Thank you for the advice. It took about 24 hours for the frustration washed out. I had to sit down and write a paper for class and that seemed to make it finally fade.

Fortunately I did not let my son see or hear that I was angry. About it. I did ask him about 5 questions in an effort to try and determine how he perceives me, his mom and this dude. I felt bad afterwards though. Think it should have been less, but unless he approaches me again, I will let that fruit rot on the vine.

I did get the understanding from him I was looking for and I brought it up with my IC this morning. I realized that even having just turned 5, he knows something is wrong with that guy being there and not me. I even faced a really difficult thing to hear - son told me that he liked the OM and felt bad about it. That was a tough one, but I just told him again that he could tell me anything he wanted to and it was ok that he felt that way.

OK, lets not discuss that last one anymore please. Writing it out felt gross. DEEP BREATH...

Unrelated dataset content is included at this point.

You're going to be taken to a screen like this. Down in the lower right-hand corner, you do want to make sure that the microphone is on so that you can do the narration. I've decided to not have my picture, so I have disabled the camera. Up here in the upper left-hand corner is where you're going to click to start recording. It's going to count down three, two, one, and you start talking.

I do think the idea that kids are resilient and will "be ok" since they are young is a BS concept. I have never believed it and not read it here, but many people out in the world have said it to me. I just let it roll off, they only mean to comfort.


"There is no more important fight than the one for ourselves. Keep on winning." Ginger1, Read her newbies.
BD: Feb '16
D: Mar '17
Piecing: Putting the self back together was my piecing.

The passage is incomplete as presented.